--- Task description ---
Set the pictures aside and return each record below precisely as written.

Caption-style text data

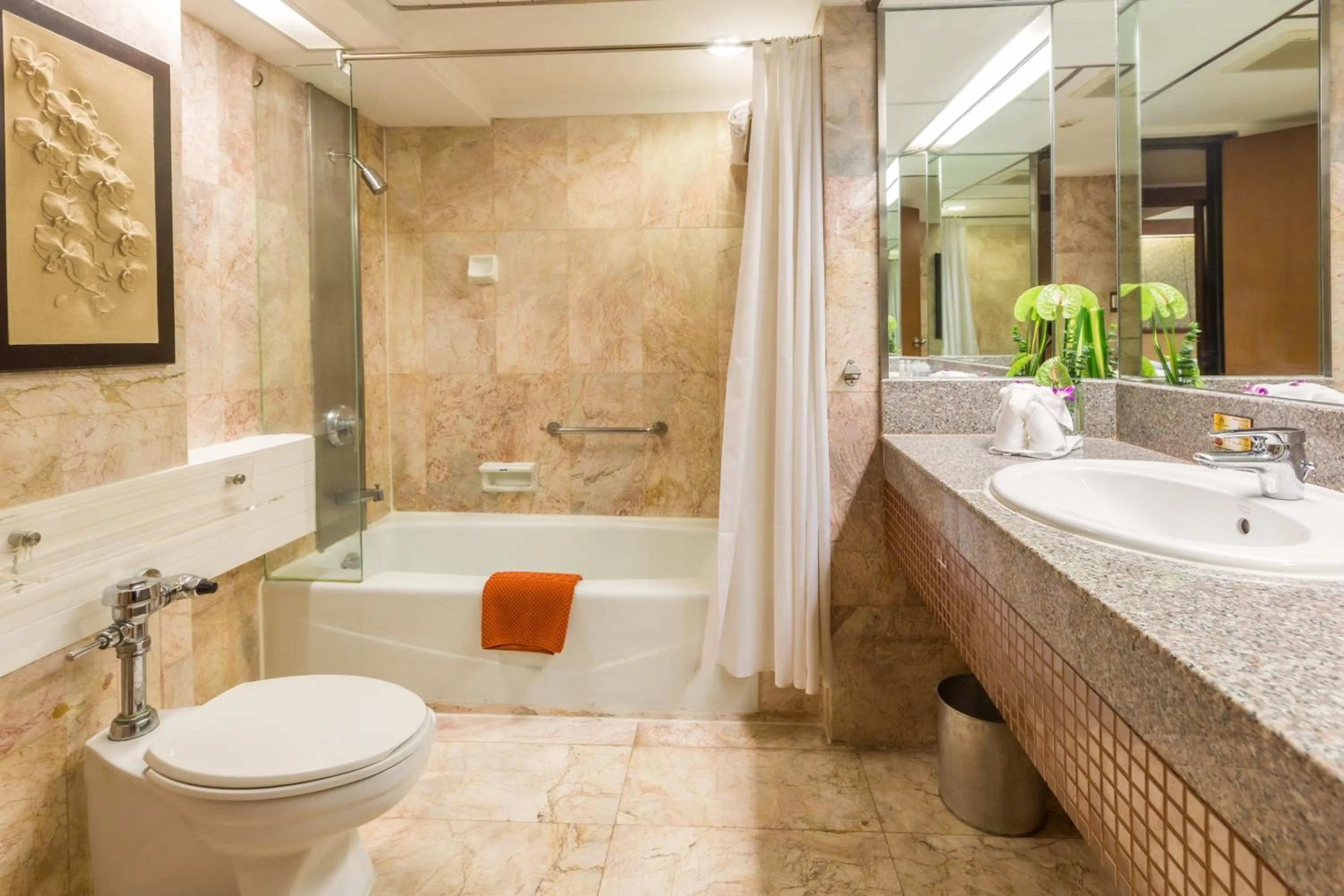 Bathroom in Asia Hotel Bangkok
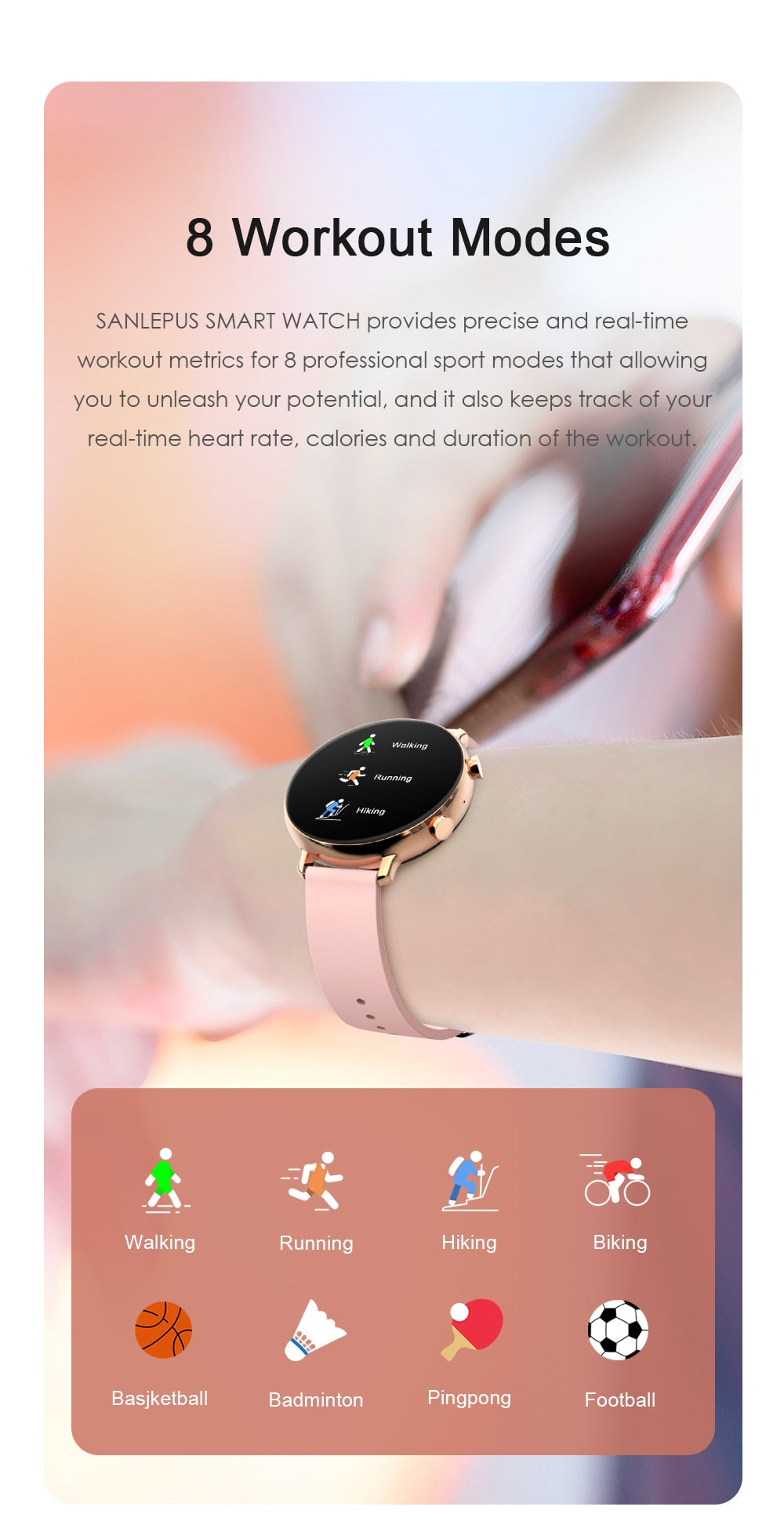 SANLEPUS ECG Smart Watch Bluetooth Call 2020 NEW Men Women Waterproof Smartwatch Heart Rate Monitor For Android Apple Samsung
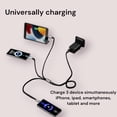 thumbnail image 3 of Retractable 3-in-1 Charging Cable for Mobile Phones with Multiple Connectors for Daily Home, Office & Travel Use (Black), 3 of 3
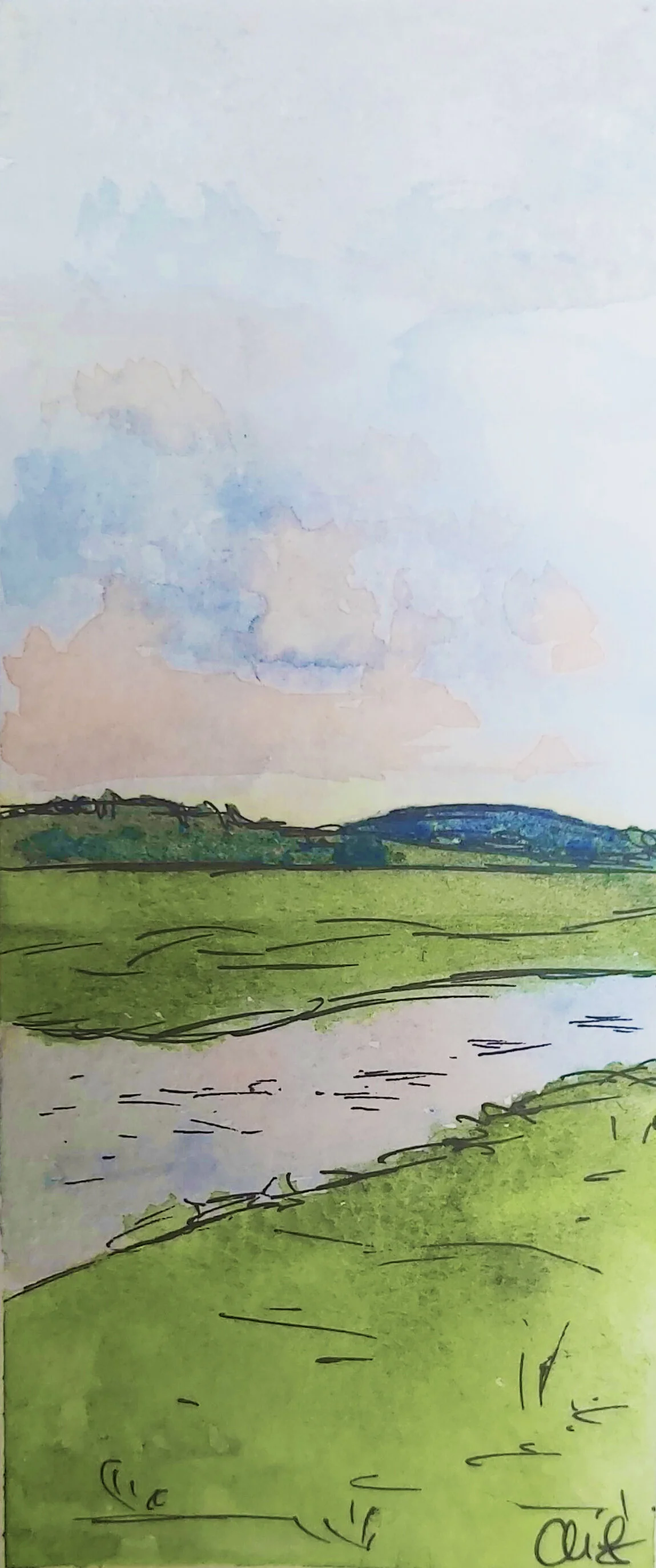 The bank at Ardcanaught, 2019

Watercolour in Moleskine Sketchbook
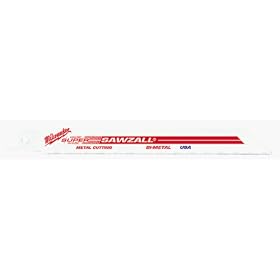Milwaukee 48-00-5284 6" x 18TPI Sawzall Blade for Metal Cutting 5/8" Height 5 Blades per Pack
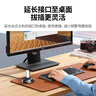 绿联 USB分线器2.0 4口HUB扩展坞集线器 笔记本台式电脑一拖四转换器多接口延长线带供电口 黑1米 实拍图
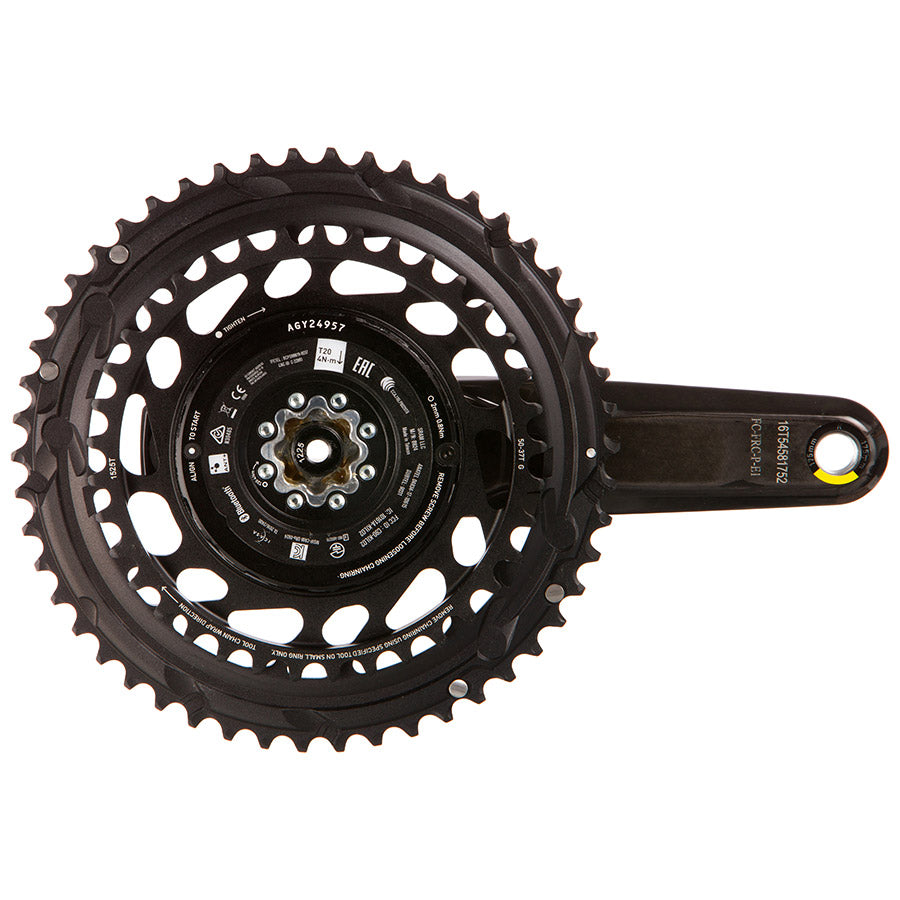 SRAM, Force 2x Powermeter E1, Power Meter Crankset, Speed: 12, Spindle: 28.99mm, BCD: Thread Mount, 50/37, DUB, 172.5mm, Black, Road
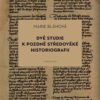Dvě studie k pozdně středověké historiografii - Image 2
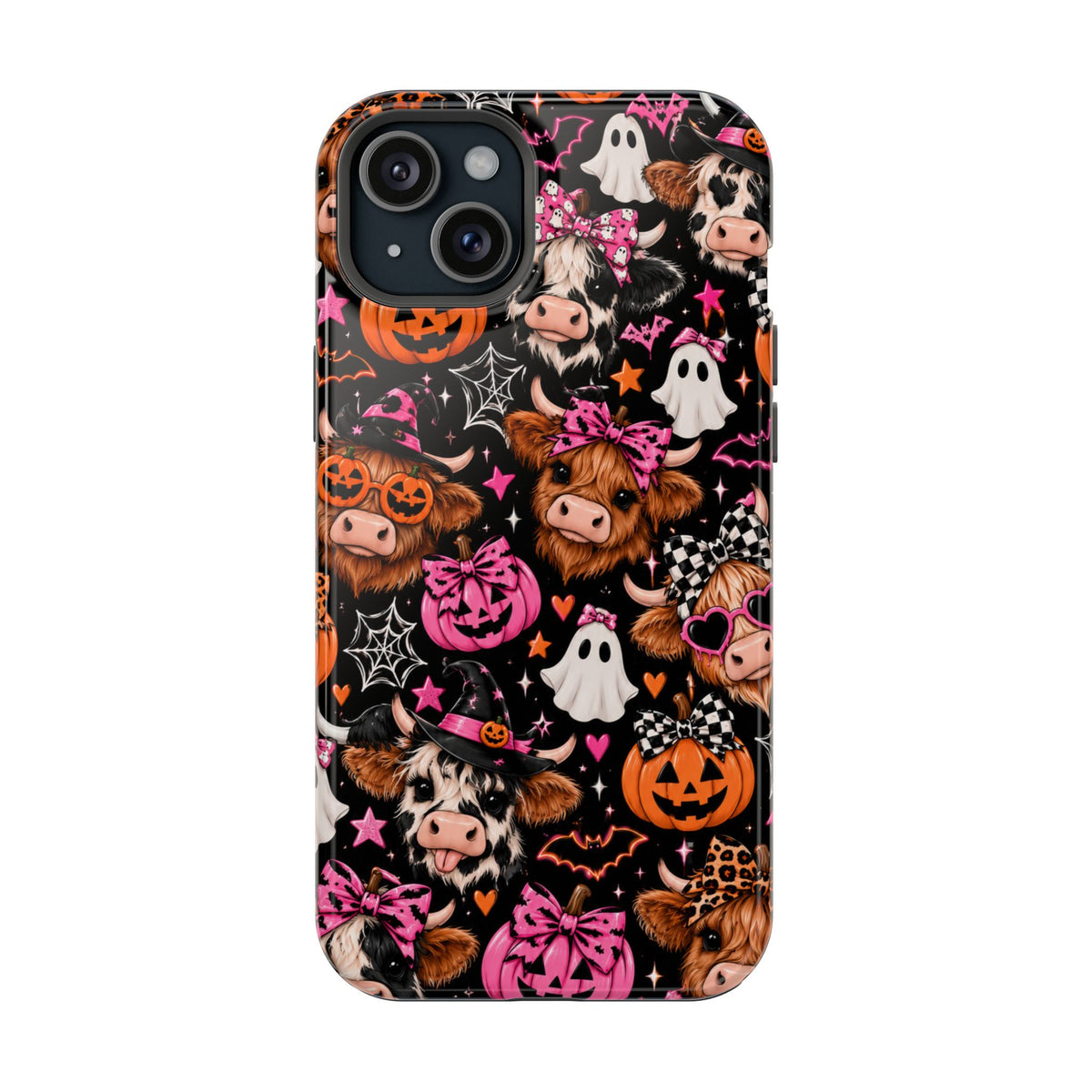 Halloween Cow Pattern Magnetic iPhone Case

--- Response to this exercise ---
 Bathroom in Asia Hotel Bangkok
 SANLEPUS ECG Smart Watch Bluetooth Call 2020 NEW Men Women Waterproof Smartwatch Heart Rate Monitor For Android Apple Samsung
 thumbnail image 3 of Retractable 3-in-1 Charging Cable for Mobile Phones with Multiple Connectors for Daily Home, Office & Travel Use (Black), 3 of 3
 The bank at Ardcanaught, 2019

Watercolour in Moleskine Sketchbook
Milwaukee 48-00-5284 6" x 18TPI Sawzall Blade for Metal Cutting 5/8" Height 5 Blades per Pack
 绿联 USB分线器2.0 4口HUB扩展坞集线器 笔记本台式电脑一拖四转换器多接口延长线带供电口 黑1米 实拍图
 SRAM, Force 2x Powermeter E1, Power Meter Crankset, Speed: 12, Spindle: 28.99mm, BCD: Thread Mount, 50/37, DUB, 172.5mm, Black, Road
Dvě studie k pozdně středověké historiografii - Image 2
 Halloween Cow Pattern Magnetic iPhone Case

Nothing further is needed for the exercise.